As is well-known, the TLR4/NF-κB signaling pathway is involved in regulating proinflammatory factors (Lawrence and Fong, 2010). Further, we investigated the effect of QWZK on TLR4/NF-κB signaling pathway. As shown in Figure 5, compared with the control group, the expressions of TLR4, p-IKKα/β, p-IκBα, and p-NF-κB were significantly upregulated in the lungs of LPS-induced ALI rats, and IKKα/β, IκBα, and NF-κB expression were significantly downregulated. Compared with the rats in LPS group, TLR4, p-IKKα/β, p-IκBα, and p-NF-κB expression were declined in the dexamethasone group and the QWZK groups. Among them, the expression of TLR4, p-IKKα/β, p-IκBα, and p-NF-κB in QWZK 6 g/kg group was even lower than those in the dexamethasone group and recovered to almost the same level as that in control group. The results indicated that QWZK could inhibit the TLR4/NF-κB signaling pathway.

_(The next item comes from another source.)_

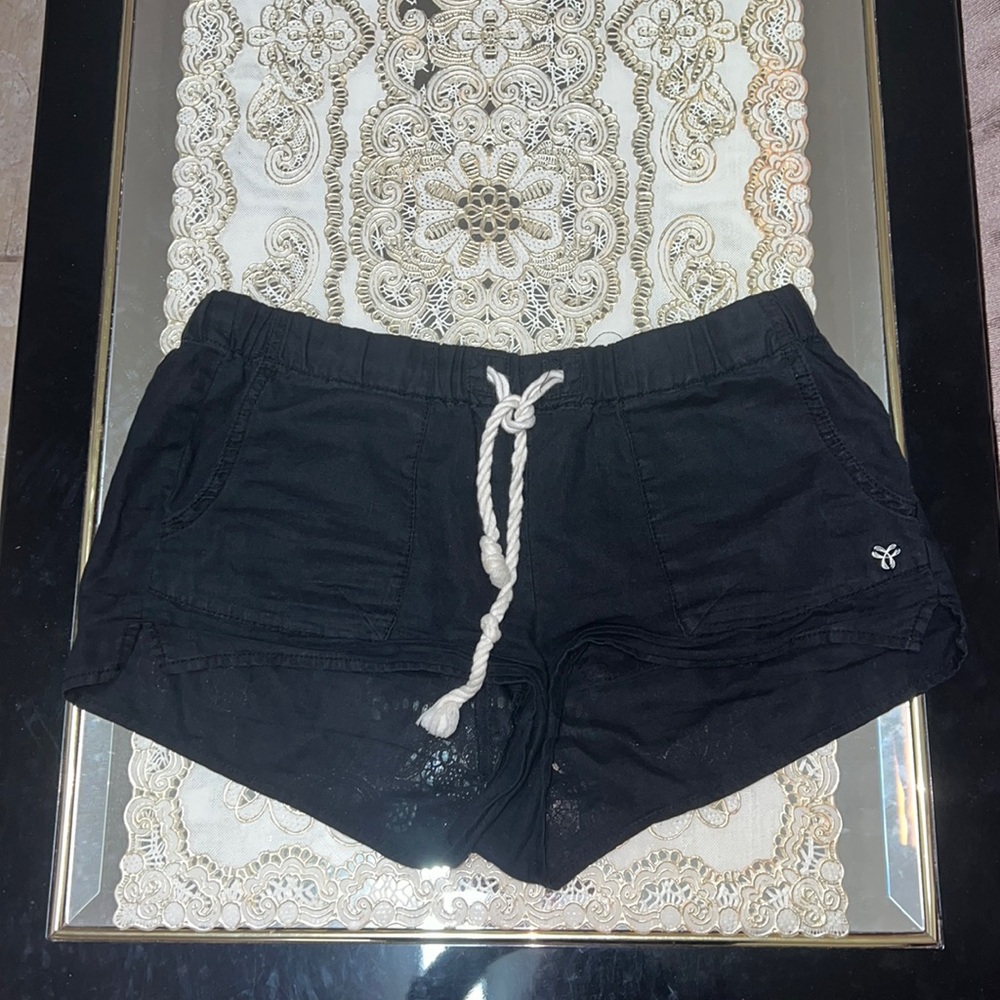 Aritzia TNA black linen shorts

Studies demonstrated that inflammasome activation could increase the expression of IL-1β and IL-18 (Seoane et al., 2020). Then, we investigated whether QWZK inhibited IL-1β and IL-18 level via activation of NLRP3 inflammasomes. Western blot results showed that the expression of NLRP3, cleaved caspase-1 and ASC increased significantly in the rats of the LPS group compared with those in control group. All of dexamethasone, QWZK 3 g/kg, QWZK 6 g/kg, and QWZK 12 g/kg treatments could downregulate NLRP3, cleaved caspase-1, and ASC expression (Figure 6). Interestingly, the levels of NLRP3 and ASC in the rats treated with QWZK 6 g/ kg were almost the same as those in the rats of the dexamethasone group. QWZK could inhibit the activation of NLRP3 inflammasomes, and QWZK 6 g/kg exhibited better role on inhibition of NLRP3, cleaved caspase-1, and ASC.